The most notable thing is how quickly the standard libary drops to very low compression speeds around level 5-6 without any big gains in compression. Since this type of data is fairly common, this does not seem like good behavior.
This is mainly a test of how good the algorithms are at detecting un-compressible input. The standard library only offers this feature with very conservative settings at level 1. Obviously there is no reason for the algorithms to try to compress input that cannot be compressed. The only downside is that it might skip some compressible data on false detections.
This compression library adds a special compression level, named
HuffmanOnly, which allows near linear time compression. This is done by completely disabling matching of previous data, and only reduce the number of bits to represent each character.
This means that often used characters, like ‘e’ and ' ' (space) in text use the fewest bits to represent, and rare characters like ‘¤’ takes more bits to represent.

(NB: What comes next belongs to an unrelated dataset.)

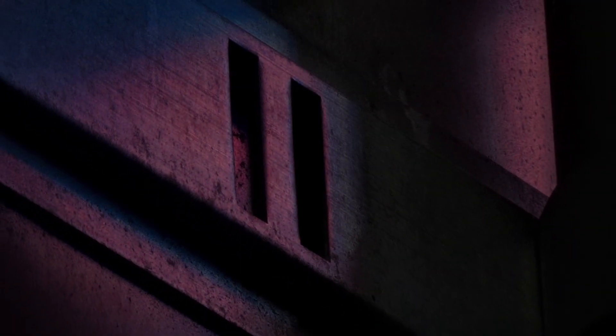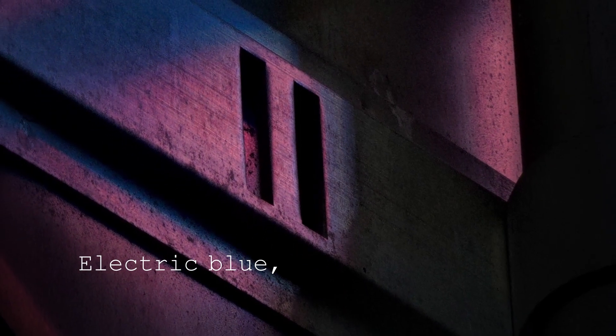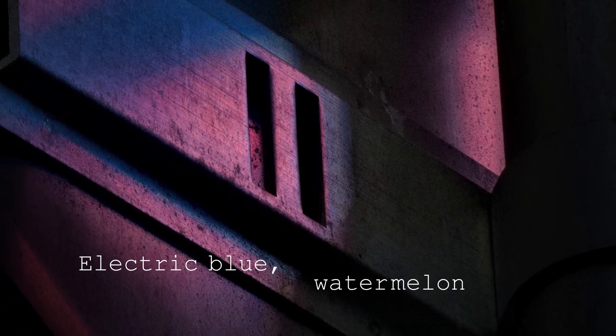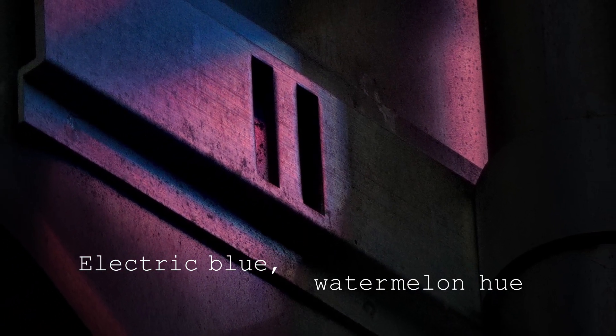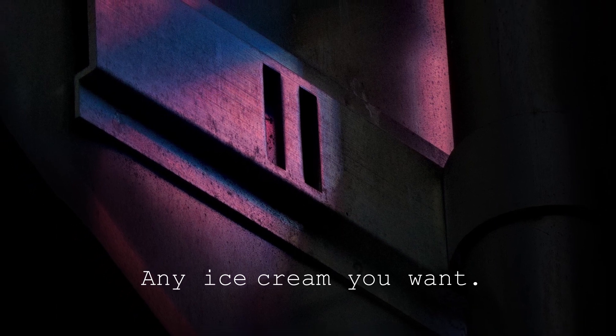Post pop, clock hands swimming, soda shop cuffs. Electric blue, watermelon hue, any ice cream you want.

For more information see wikipedia or this nice video.
Since this type of compression has much less variance, the compression speed is mostly unaffected by the input data, and is usually more than 180MB/s for a single core.
The downside is that the compression ratio is usually considerably worse than even the fastest conventional compression. The compression raio can never be better than 8:1 (12.5%).
The linear time compression can be used as a “better than nothing” mode, where you cannot risk the encoder to slow down on some content. For comparison, the size of the “Twain” text is 233460 bytes (+29% vs. level 1) and encode speed is 144MB/s (4.5x level 1). So in this case you trade a 30% size increase for a 4 times speedup.
For more information see my blog post on Fast Linear Time Compression.
This is implemented on Go 1.7 as “Huffman Only” mode, though not exposed for gzip.
The standard snappy package has now been improved. This repo contains a copy of the snappy repo.
I would advise to use the standard package: https://github.com/golang/snappy
This code is licensed under the same conditions as the original Go code. See LICENSE file.